Mina Markham, a 30-year-old software engineer who came to the campaign from IBM, where she was a product designer and front-end architect, says she is using her skills and experience to streamline the process of how code gets written. If she can crack this problem, the tech team will be able to build products—like ones that tell field organizers about potential donors on the ground, or micro-websites that target specific demographics of voters—much more nimbly.
Weselcouch, meanwhile, is drawing heavily on her background in analytics. “One of the things we look at is our field organizers and what they are doing every day. How many people are they calling? How many doors are they knocking on? Then we aggregate that data and present it in tiny little nuggets that senior staff can look at on their phone and understand in 10 seconds.”
Call it a dashboard for democracy.
It’s not easy to recruit for political campaigns, says Sasha Issenberg, the author of The Victory Lab: The Secret Science of Winning Campaigns. Campaigns grow quickly when the need arises or when the money comes in. It’s also hard to convince good people to leave stable, well-paying jobs for a gig with an expiration date. For this reason, he says, “Campaigns have never done a consistently good job at hiring people from outside the world of politics.”
The Clinton campaign is hardly the first to try to overcome the challenges. Both Obama campaigns, for example, experimented with different kinds of recruitment in certain departments. Teddy Goff, who led the famed digital campaign team, drew from unusual sources of talent, says Jonathan Alter, who wrote about it in his book The Center Holds: Obama and His Enemies. “He had two professional poker players, a nuclear physicist, and several other people with varied backgrounds who worked in ‘The Cave,’” he says. “They ended up doing an amazing job.” Meanwhile, Dan Wagner, Obama’s head of analytics, only hired people who could complete his complex problem sets.
But no campaign has tried to tackle the problem with a tailored, top-down approach until this one.
Koloc has a few things going for him. First, unlike some campaigns, Clinton has the money and staying power to recruit talented staff. “She knows she’s going to win [the primary],” says Hohmann. “She is going to raise a lot of money and set fundraising records, so she has the luxury.”

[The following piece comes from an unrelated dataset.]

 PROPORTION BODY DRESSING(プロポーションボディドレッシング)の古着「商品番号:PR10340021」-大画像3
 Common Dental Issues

Clinton is also benefitting from excellent timing. Obama made campaigns sexy again, opening up the path for her to recruit the young and upwardly mobile. “That’s an enduring post-Obama change,” says Issenberg. “I do not think 12 years ago that people thought working on John Kerry’s or Al Gore’s campaign was cool or interesting. I think the innovation culture around the Obama campaign—which has gotten tons of media attention—[amplified] the idea that the things that happen in political campaigns are innovative and potentially at the cutting edge of fields unrelated to politics.”

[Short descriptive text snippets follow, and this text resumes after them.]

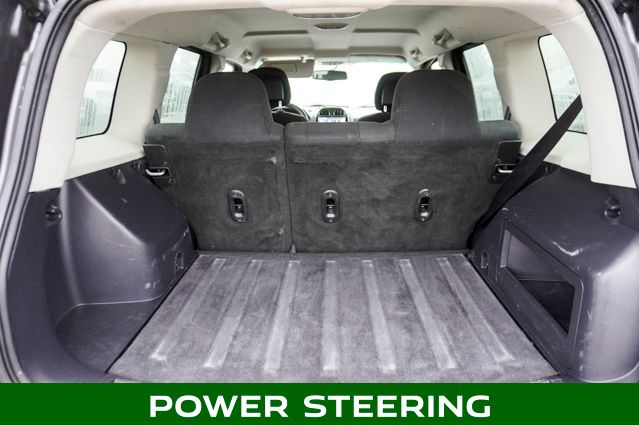 2016 JEEP PATRIOT - Image 5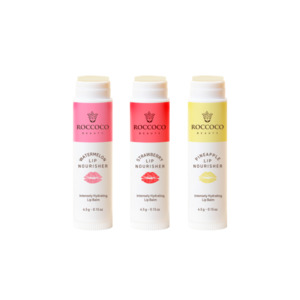 Products: Lip Nourisher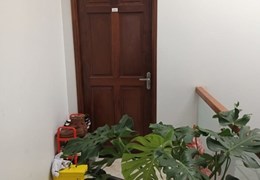 HẺM NHỰA 4M - KHU AN NINH DÂN TRÍ CAO 133M2 - GIÁ CHỈ 15.5 TỶ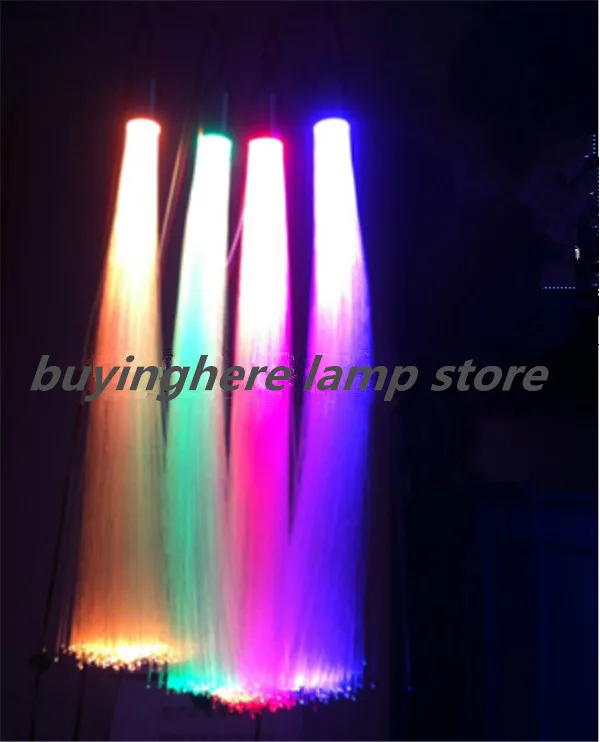 5 шт. разноцветсветильник светодиодные RGB-лампы G4 12 В | Лампы и освещение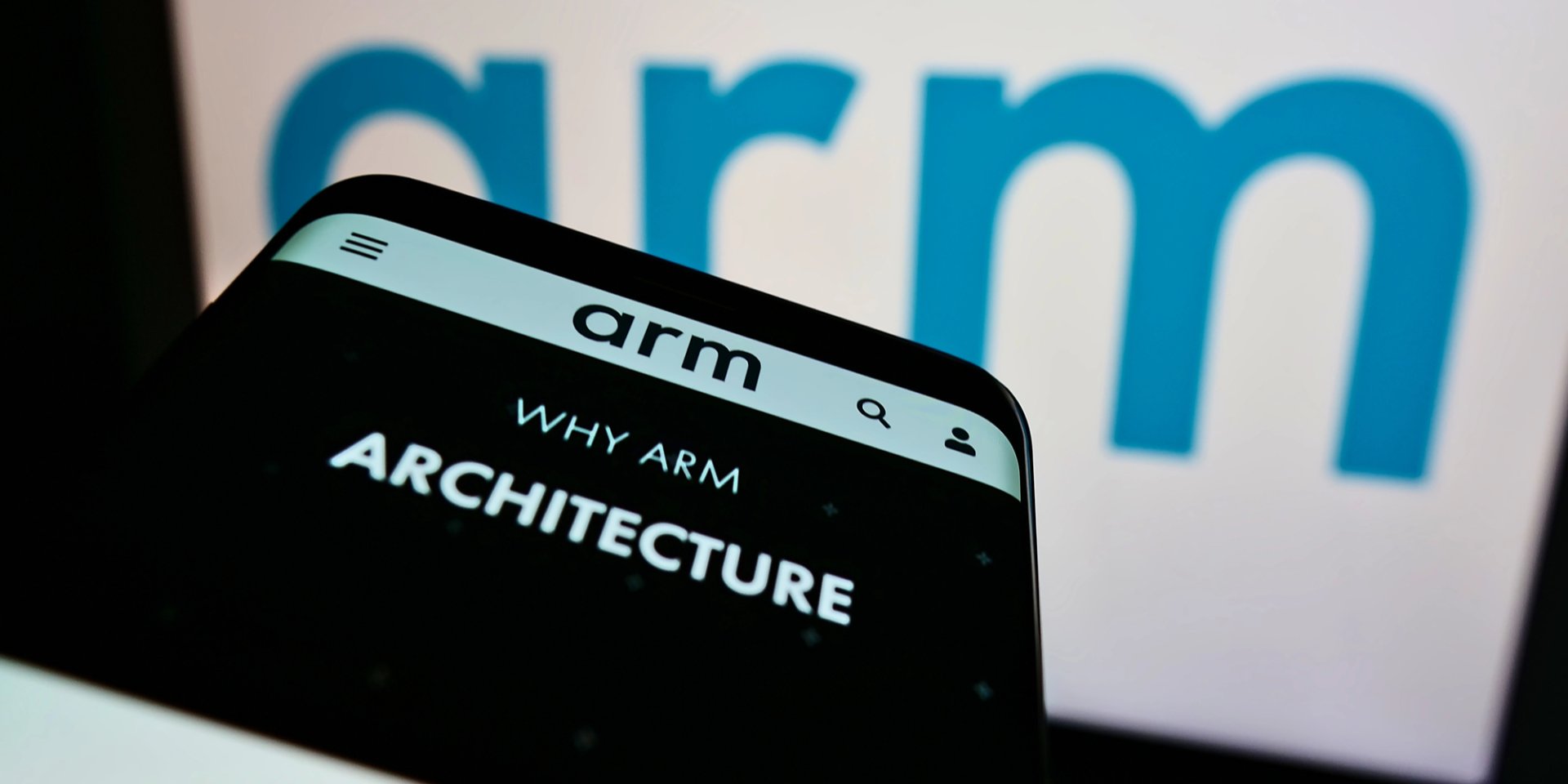 Arm почне виробляти власні чипи (Фото: Wirestock/Depositphotos)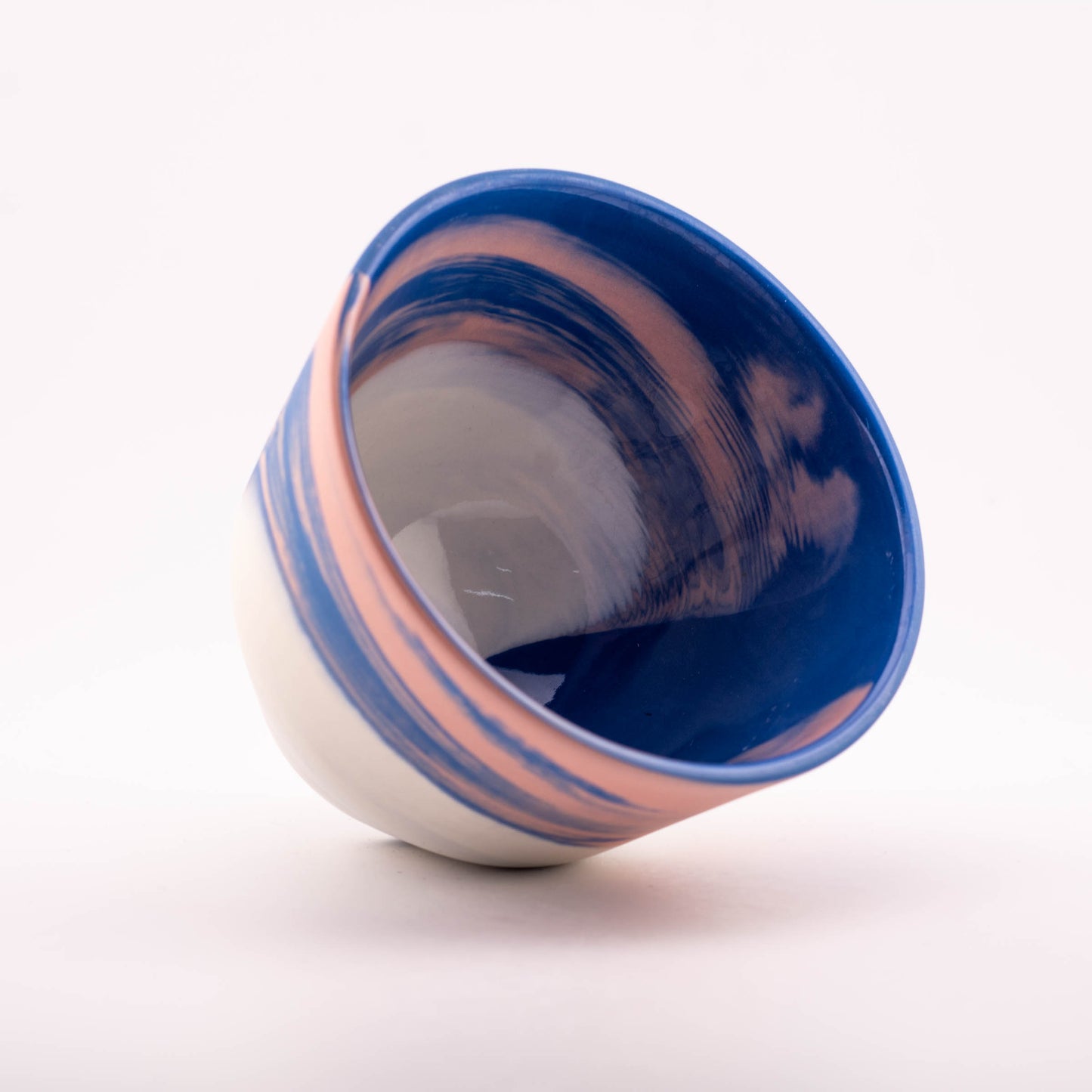 7246 Unique mix wave cup size A1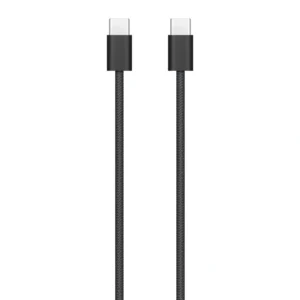 Premium Apple Magic Mouse (USB-C) Black Multi-Touch Surface – Powerful Precision Upgrade | BusiDirect Zambia's No. 1 Online Retailer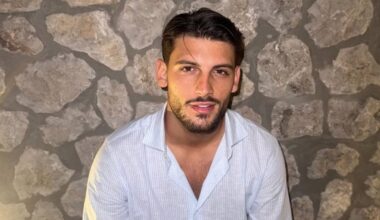 una coppia esce dal programma, prima esterna per Ciro Solimeno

Subramaniam agrees. “The campaign is dealing with the hard problems that whet every product manager, designer, and engineer’s appetite,” she says. The analytics team is working with massive data sets to mine for useful insights. The communications team is trying
to get a message across to millions of people about a candidate they will never meet in person. The products team is trying to build websites that appeal to the public and educate them.

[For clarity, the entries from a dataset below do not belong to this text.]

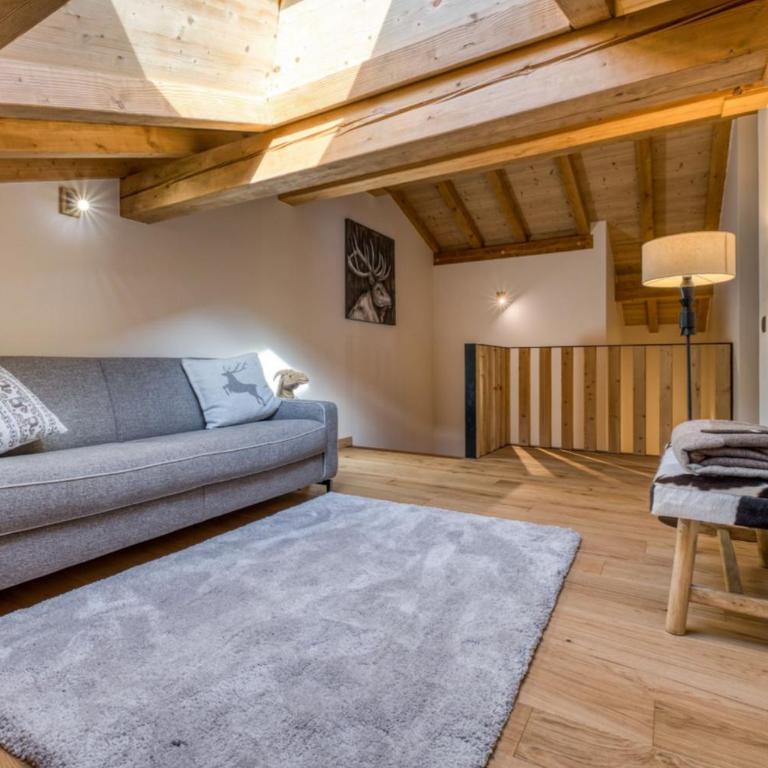 maison etoile du tim - Apartment mit 4 Schlafzimmern - 14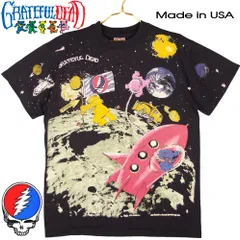 グレイトフルデッド バンT ポーカーズ着用 グレイトフル・デッド バンT ポーカーズ着用 - メルカリ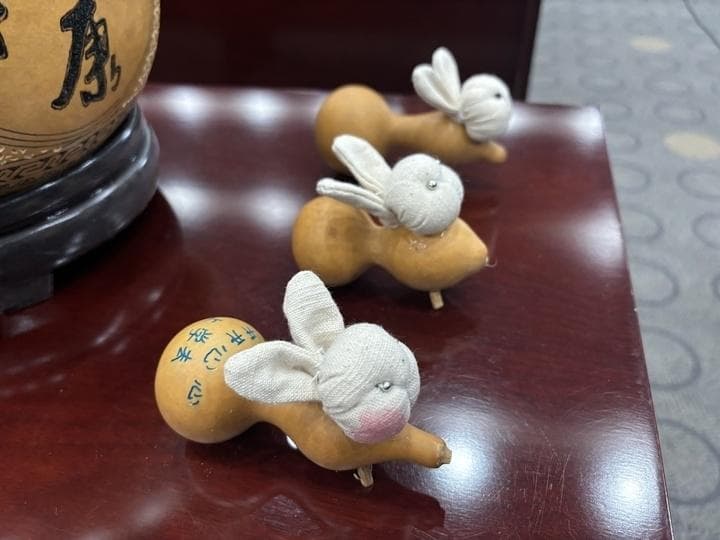 聊城持续推进葫芦雕刻保护传承创新，擦亮葫芦文化名片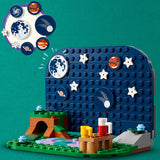 LEGO® Friends - Kampersko vozilo za posmatranje zvezda (42603)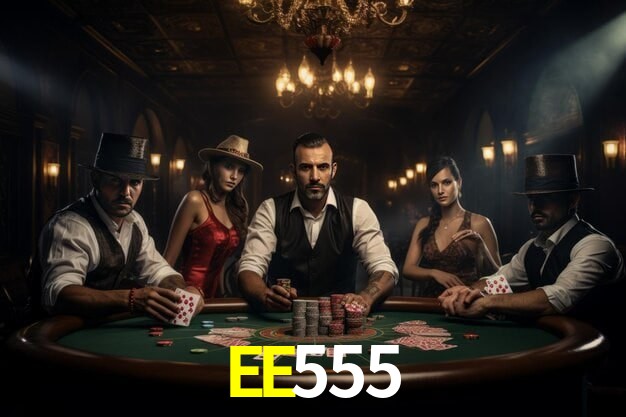 Fortune Tiger EE555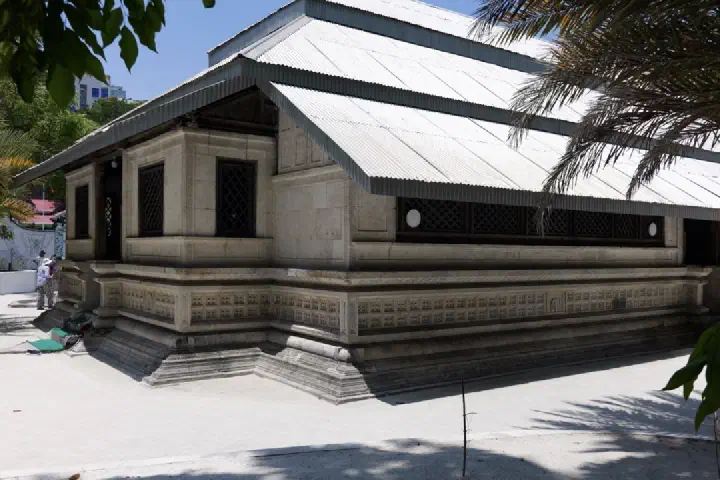 Malé, Maldiven - Photo 16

But even with these advantages, Koloc still has his work cut out for him. He has to reach a new type of candidate, some of whom don’t even realize the campaign needs their skills. Markham said she didn’t even realize political campaigns hired staff engineers. “I didn’t even know that was on the radar; I’ve never been in politics before, so it wasn’t in my realm of experience,” she says. “When they contacted me, I was shocked, and then really, really excited . . . something like this doesn’t happen very often, the chance to be part of something potentially historic. This is the job you dream of having; you can make such a big impact.”